Reste que si les Européens, comme les Américains, possèdent encore une certaine avance technologique sur leurs concurrents asiatiques, ceux-ci ont toutes les chances de combler rapidement leur retard. Aussi la pierre angulaire est-elle davantage, selon Jean Therme, directeur de la recherche technologique et directeur délégué aux énergies renouvelables du CEA,  » la capacité d’investissement « . Sa profession de foi, car c’en est une, est simple.  » Le solaire est l’énergie qui sauvera la planète. Avec l’éolien, il est en mesure de couvrir 50 % des besoins énergétiques mondiaux à l’horizon 2050, pour peu qu’il progresse de 10 % par an, et dès 2030 si sa croissance annuelle est de 20 %. « 

Or, poursuit M. Therme, la production d’énergie est une activité  » régionalisée « , qui doit être proche du lieu de consommation. Il est donc inconcevable que quelques usines géantes de panneaux solaires, implantées en Chine ou ailleurs, puissent fournir un marché mondial au développement exponentiel. Il existera donc, à terme, des unités de production  » à l’échelle d’une granderégion ou d’un petit Etat « . Et, dans le photovoltaïque, la France ne sera jamais un désert industriel. Toutefois, cela ne signifie pas que les usines qui y pousseront seront françaises : ne verront le jour ou ne se maintiendront que des entreprises disposant des ressources financières nécessaires. Peut-être seront-elles à capitaux asiatiques.

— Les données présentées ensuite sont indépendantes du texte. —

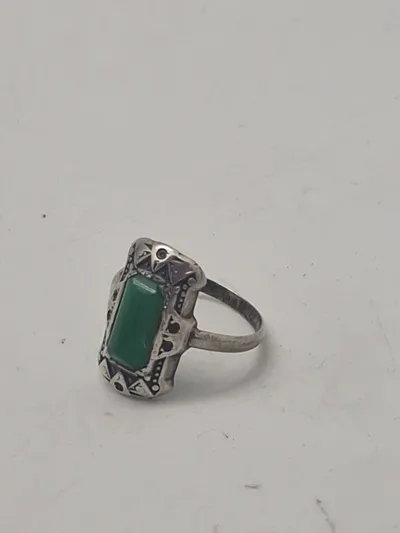 Fingerring 830 sølv (Art Deco)
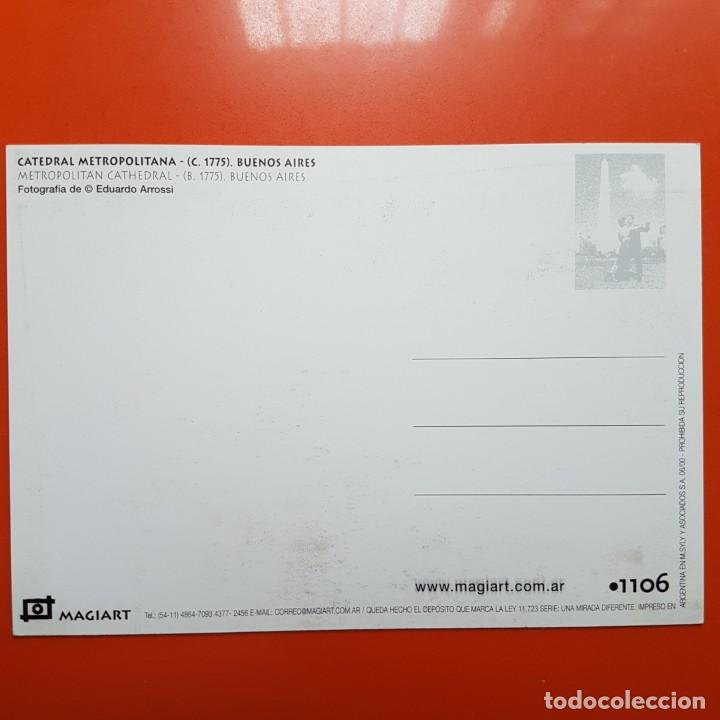 Postales: POSTAL DE BUENOS AIRES. CATEDRAL - Foto 2
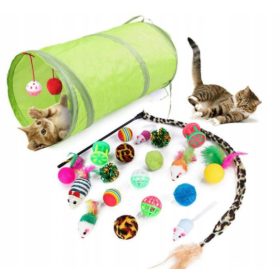   Interaktivna igračka za mačke Set Aporcik igračaka za mačke 21 kom.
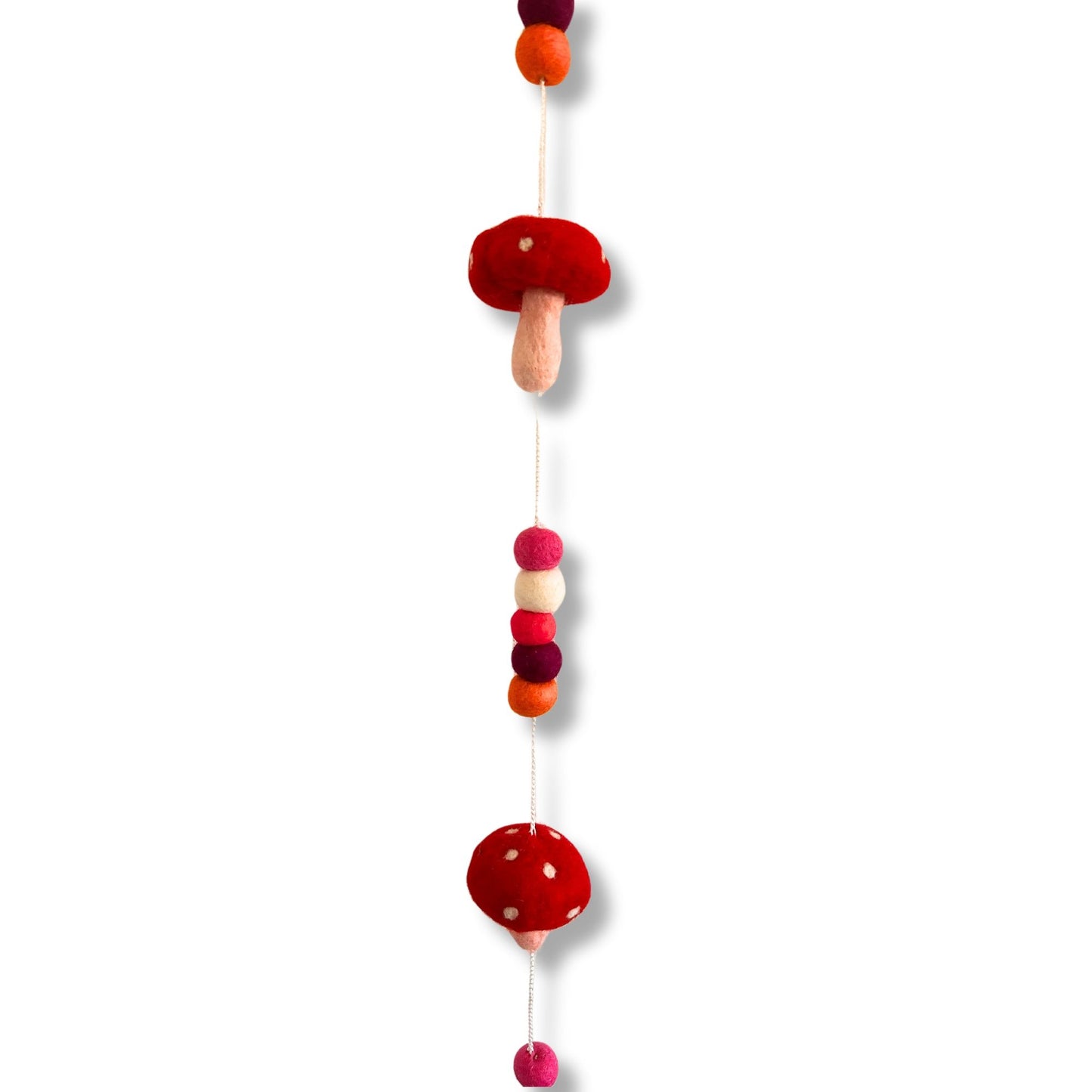 Colgante de Pared de Fieltro - Hongos de Sombrero Rojo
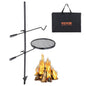 VEVOR Swivel Campfire Grill, Fire Pit Grill Grate over Fire Pits, Heavy Duty Steel Grill Grates, 360° Adjustable Open Fire Outdoor Cooking Equipment, Portable Camp Fire Racks for Camping Outdoor BBQ - Discount Msrp 
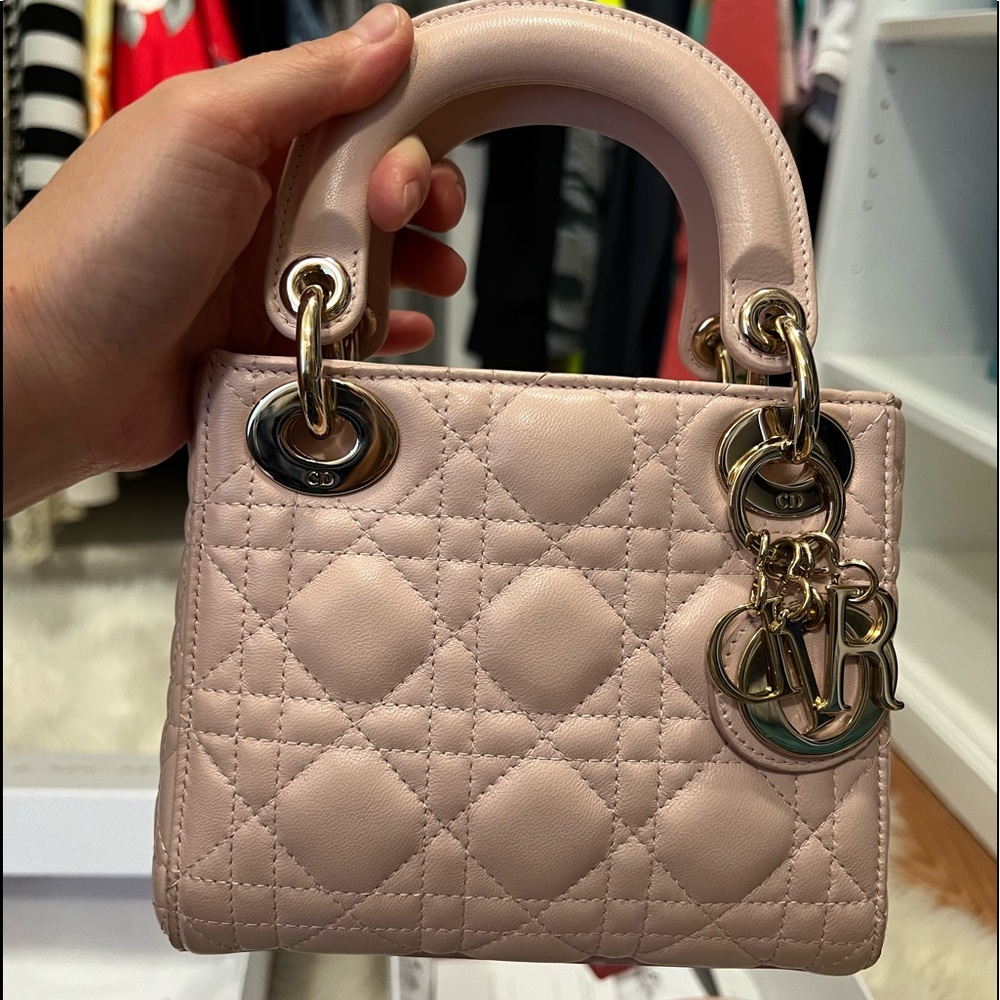 Christian Dior Lady Dior Mini Baby Pink
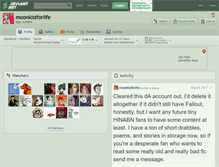 Tablet Screenshot of moonkistforlife.deviantart.com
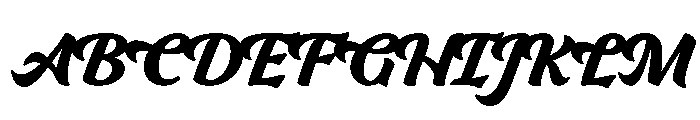 Hauser Script Regular Font UPPERCASE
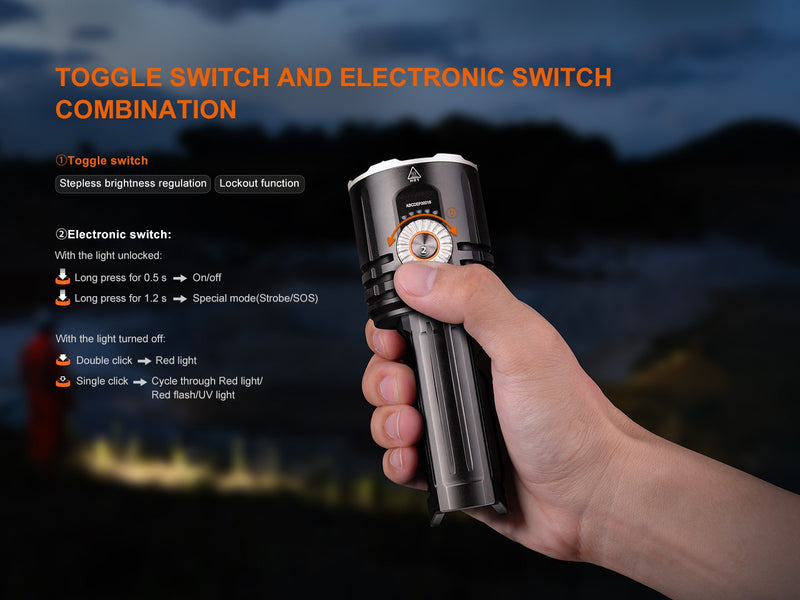 Linterna Fenix LR35R Pro - Color: Negro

Ce scénario ne fait que ramener à l’exigence, pour l’industrie hexagonale, d’un  » redressement productif « . Et, dans l’immédiat, d’un dispositif de soutien public plus favorable aux énergies renouvelables.  » Nous n’attendrons pas l’été 2013 – un débat national sur la transition énergétique doit être suivi d’une loi au printemps prochain – pour réinstaurer un cadre réglementaire stable, visible et incitatif pour l’ensemble des filières « , a annoncé Marie-Hélène Aubert, chargée du pôle environnement dans l’équipe de campagne de François Hollande. La fin de l’éclipse solaire ?

Pierre Le Hir

    Rude bataille commerciale entre Pékin et Washington

    C’est un nouvel épisode de la guerre commerciale que se livrent la Chine et les Etats-Unis sur l’industrie solaire, les deux pays s’accusant mutuellement de dumping. Jeudi 17 mai, le département américain du commerce a annoncé la mise en place d’une taxe de 30 % environ sur les importations chinoises de panneaux solaires. Une disposition immédiatement condamnée par Pékin qui, par la voix du porte-parole du ministère du commerce, a expliqué  » que les Etats-Unis donnaient un mauvais signal, celui du protectionnisme, sur le commerce mondial « . En revanche, elle a bien été accueillie par les industriels américains qui espèrent que cette décision fera école en Europe.